Joseph Groia était l’avocat de John Felderhof, dirigeant de la société minière Bre-X, accusé de délit d’initié et d’autres crimes. Le procès a été tendu et marqué par des attaques personnelles et des remarques sarcastiques. Durant la première phase du procès, M. Groia croyait que les avocats de la poursuite ne se comportaient pas correctement. Il les a accusés — à répétition et dans des termes injurieux — d’abus de procédure. En fait, M. Groia avait tort sur le plan du droit, mais le juge ne lui a pas signalé son erreur.

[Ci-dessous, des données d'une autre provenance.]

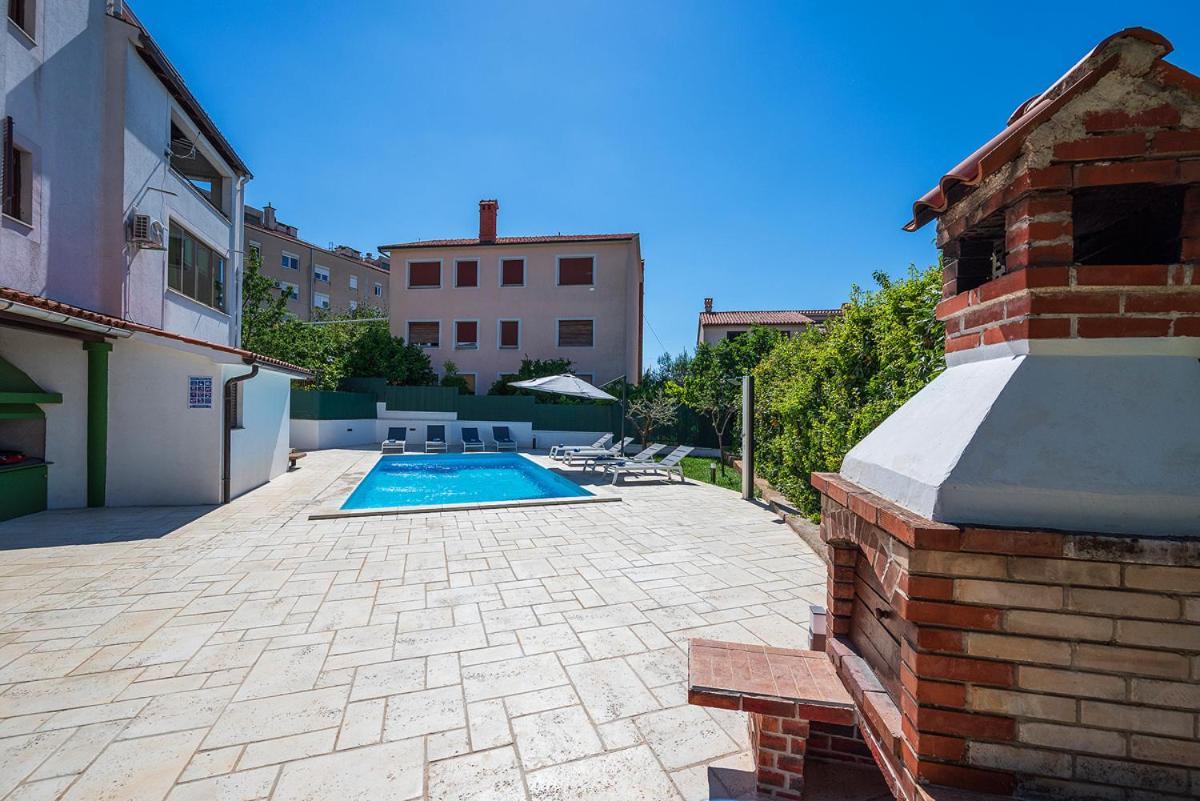 Big Swimming Pool Apartment Monvidal Pula Extérieur photo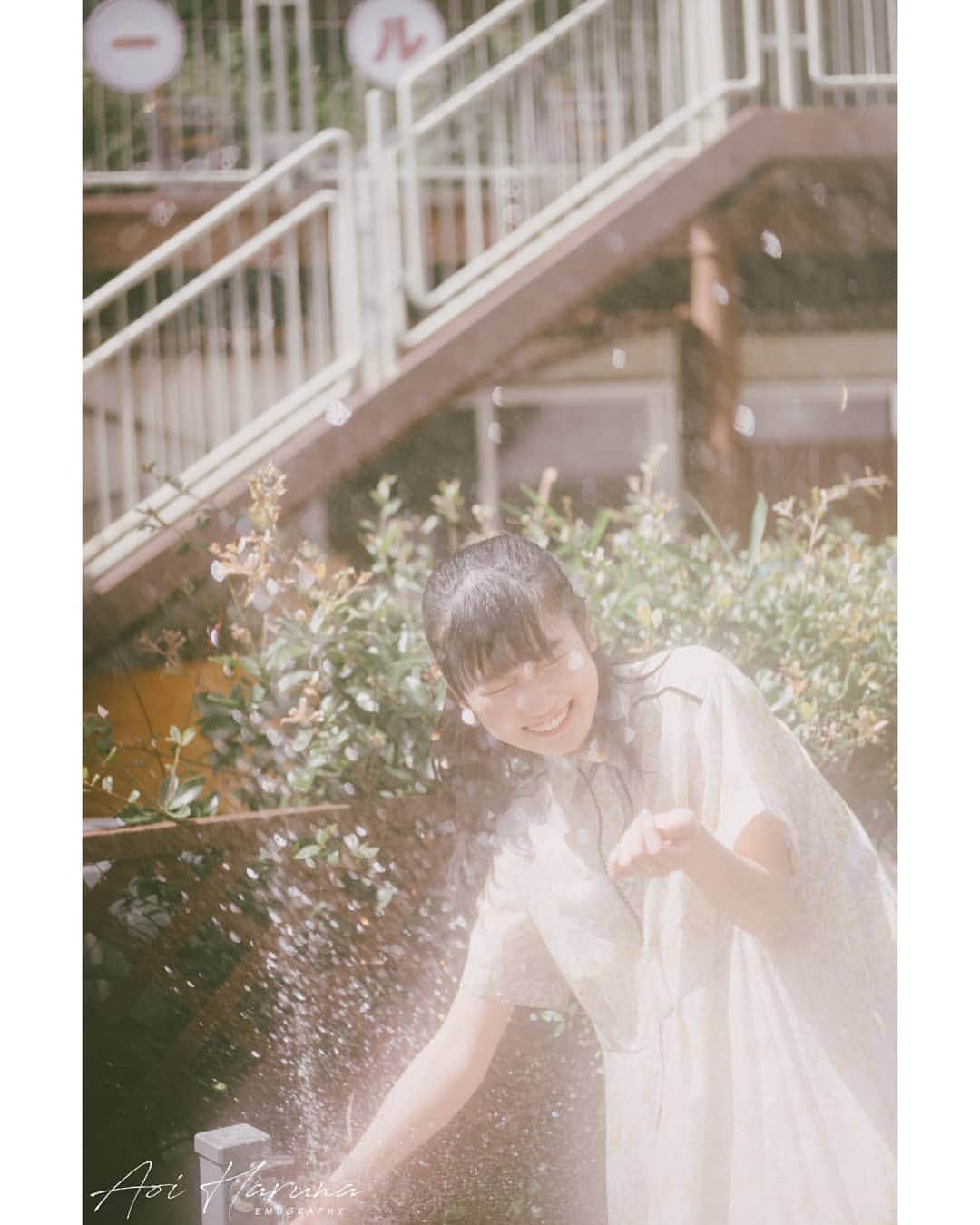 遥南碧さんのインスタグラム写真 - (遥南碧Instagram)「水浴び  中々雨みたいに綺麗に飛ばんくて 二人ともびしょびしょになったけど、 （ @neko_yuna_ は自滅） 真夏の太陽に熱せられた体には めっちゃ気持ちよかったなぁ * * * #何気ない日常の物語 をモチーフに 東京拠点で #被写体募集 しているので #あざかわ部 #邦画の彼女感 に 興味がある方はお気軽に ご連絡ください。  一緒に作品撮り出来る ヘアメイク、スタイリストも 募集中！  コラボのお誘いお待ちしております！ * * * #スクリーンに恋して #東京カメラ部  #月刊8月のクリスマス #夏の思い出 #なんでもないただの道が好き #その瞬間に物語を #毎日が笑顔で溢れてる #幸せな瞬間をもっと世界に #写真好きな人と繋がりたい #いいね返しは絶対 #좋아요반사 #smile_jp #zine_ig #good_portraits_world #reco_ig #impression_shots #indies_gram #jp_portrait部 #indy_photolife #hueart_life #photogram_archive #as_archive #photo_club_share #jp_mood #japanesegirl」8月17日 7時24分 - harunaoi_photo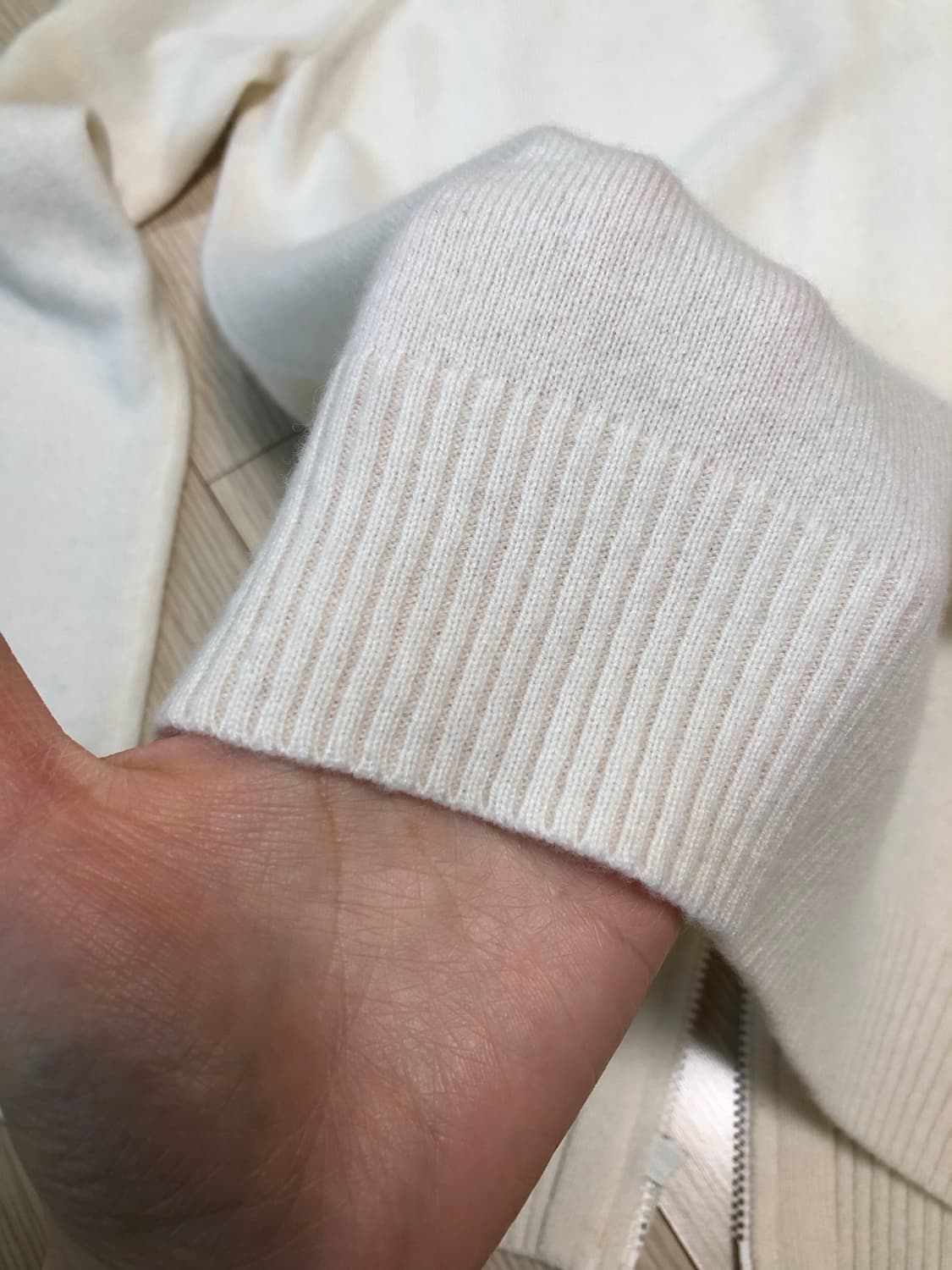 미착용 L 유니클로 X 이네스 캐시미어 100% 후드 집업 니트 가디건 상품이미지6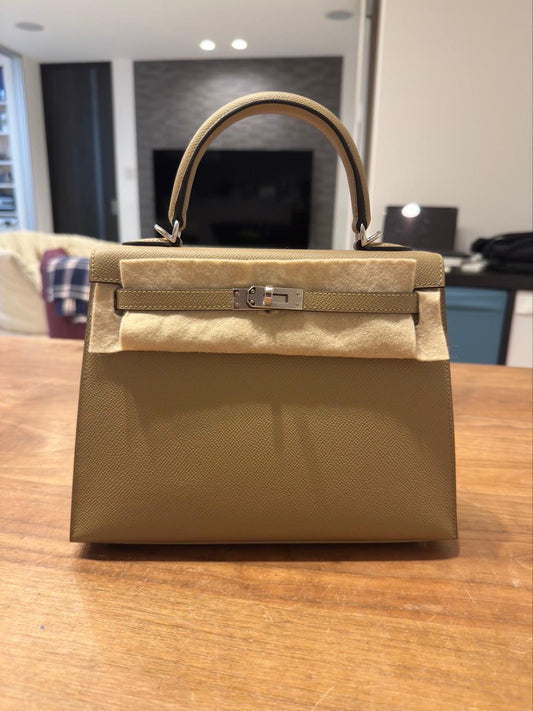 Hermès Kelly Sellier 25 - Poussiere Epsom - Palladium Hardware - K25PEPHW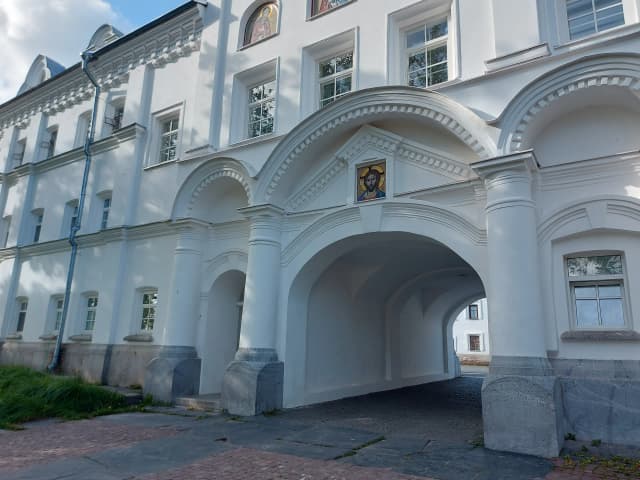 Исторические Святые врата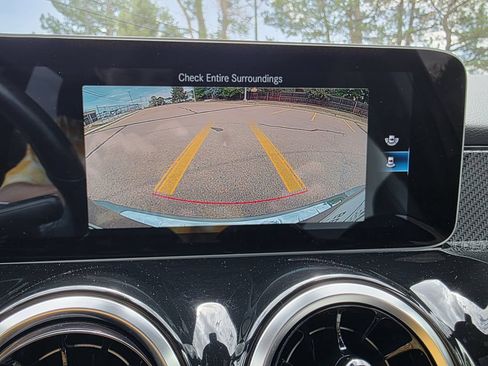 Used 2020 Mercedes-Benz GLB 250 4MATIC image 30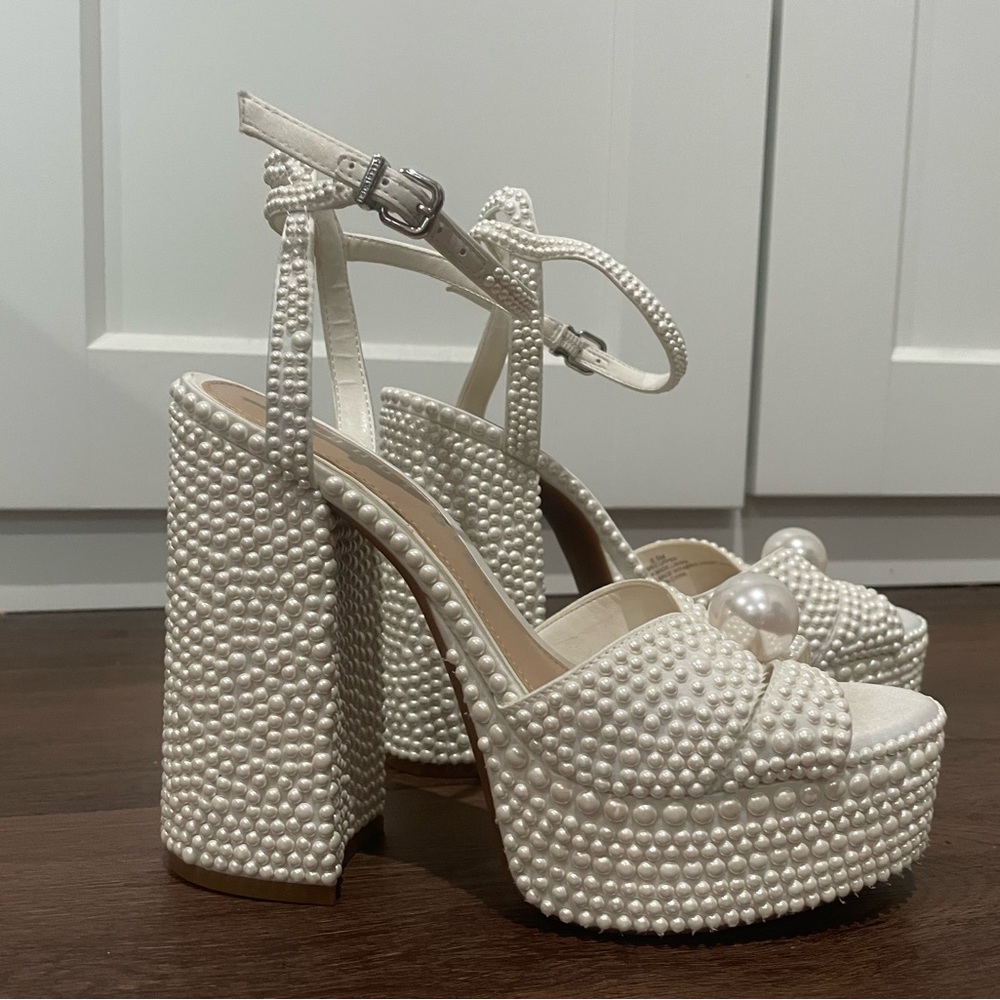 Gianni Bini Pearl platform heels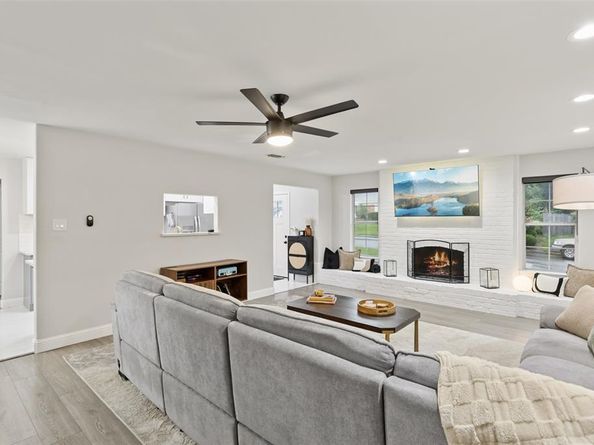 348  Thompson Street , Fort Worth Texas 76134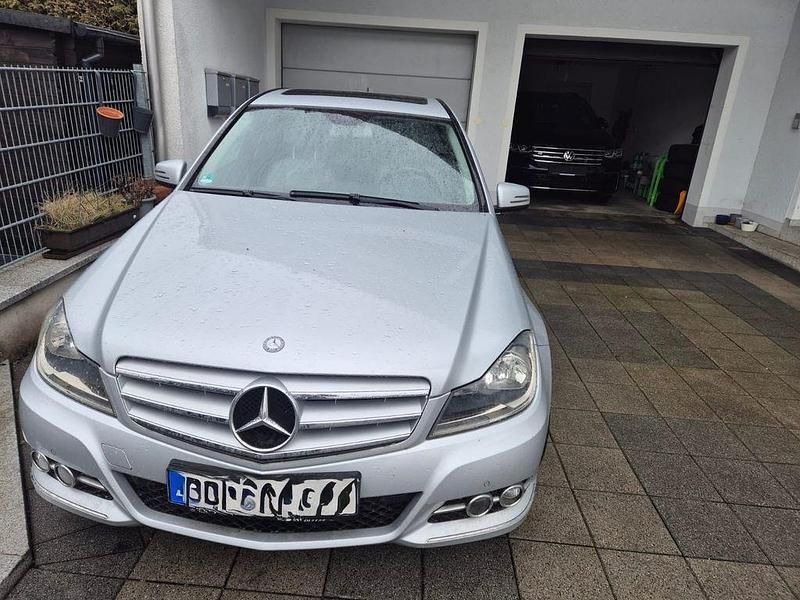 Gebraucht Mercedes C220 Avantgarde 170 PS (125 kW) 2011 Grau Limousine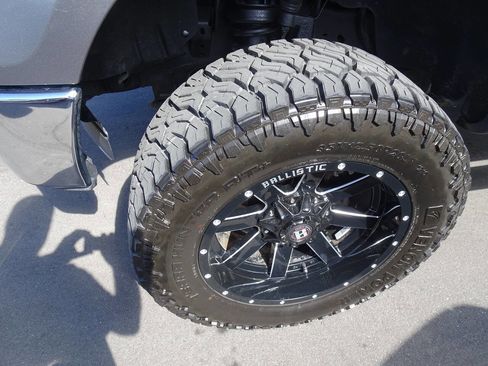 Used 2013 Ford F150 XLT w/ XLT Chrome Pkg image 5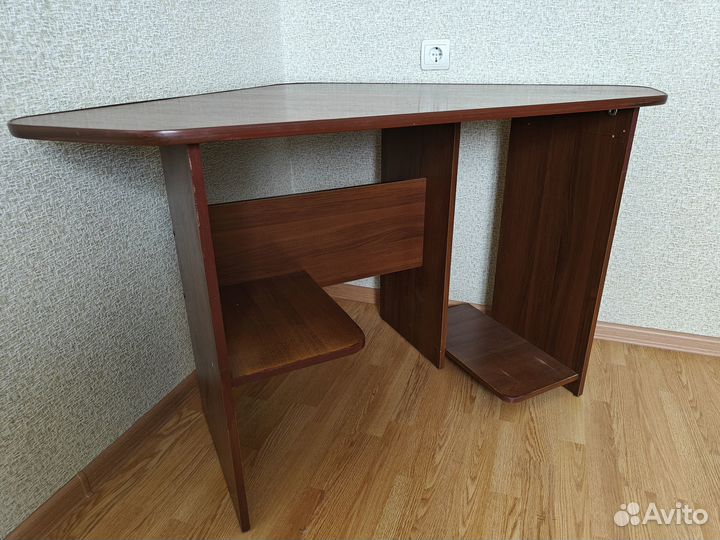 Стол компьютерный угловой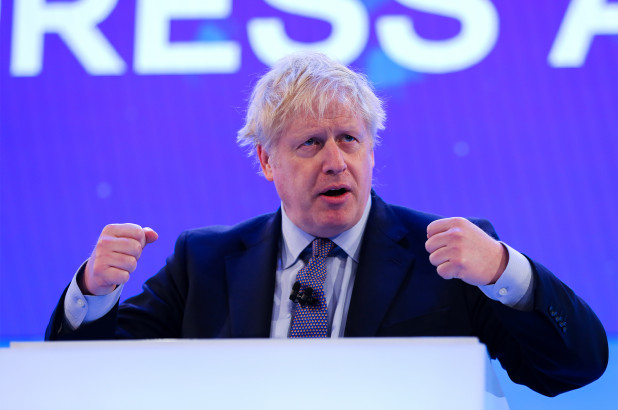 Thủ tướng Anh Boris Johnson đang hồi phục sau khi điều trị COVID-19 - Ảnh: Getty Images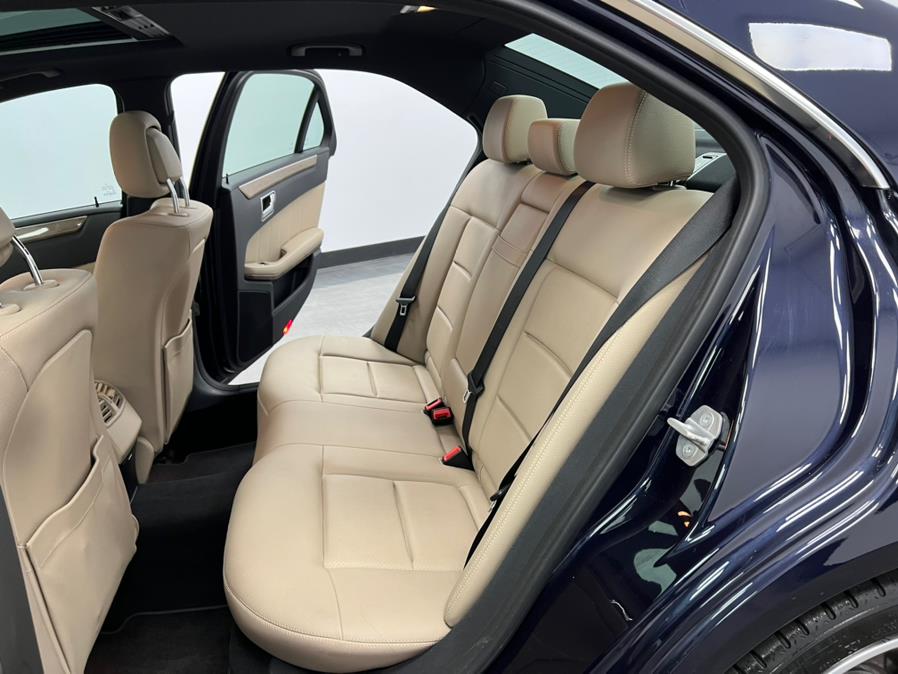 Used Mercedes-Benz E-Class 4dr Sdn E 350 Sport 4MATIC 2011 | M Auto Group. Elizabeth, New Jersey Used Mercedes-Benz E-Class 4dr Sdn E 350 Sport 4MATIC 2011 | M Auto Group. Elizabeth, New Jersey
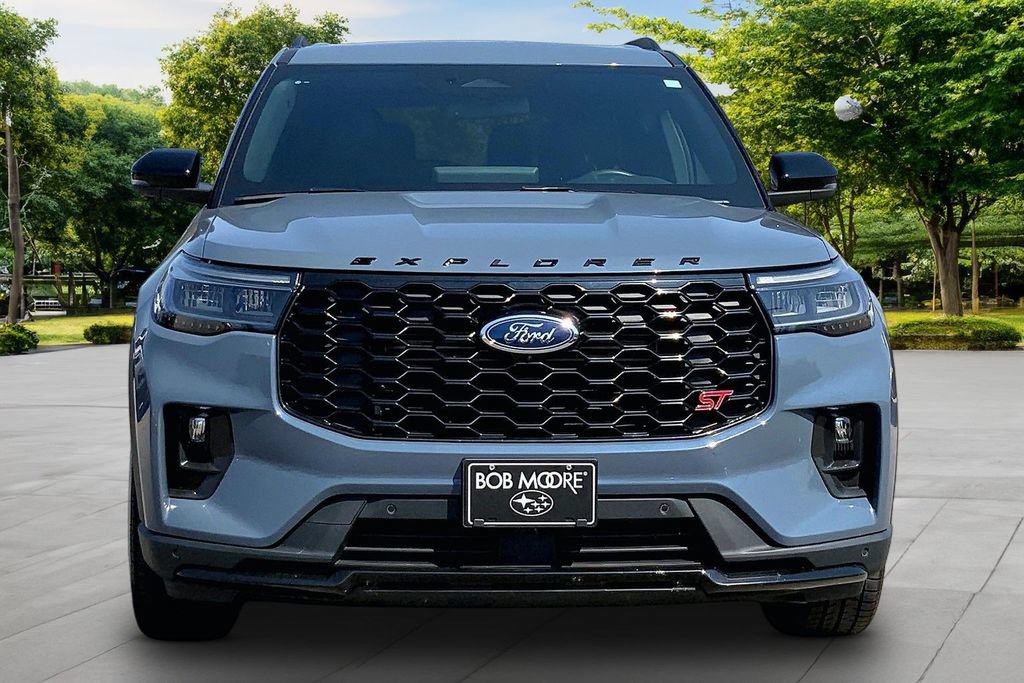 Used 2025 Ford Explorer ST AWD/4WD image 2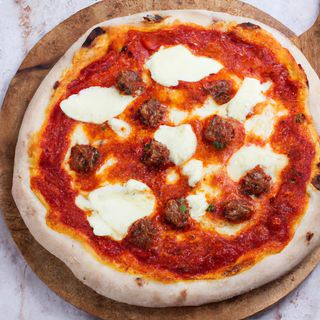 Pizza rossa salsiccia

Les avocats doivent respecter un grand nombre de règles de déontologie. En Ontario, celles-ci sont appliquées par le Barreau de l’Ontario (anciennement appelé le Barreau du Haut-Canada). L’obligation de pratiquer le droit en faisant preuve de « civilité » n’est qu’une de ces règles, et ne constitue pas un enjeu exclusivement de politesse. En effet, les attaques personnelles affaiblissent le système de justice et détournent l’attention du litige qui oppose les parties en plus de compliquer le travail des avocats dans la recherche commune de solutions. Le Barreau peut accuser de manquement professionnel les avocats qui font preuve d’incivilité.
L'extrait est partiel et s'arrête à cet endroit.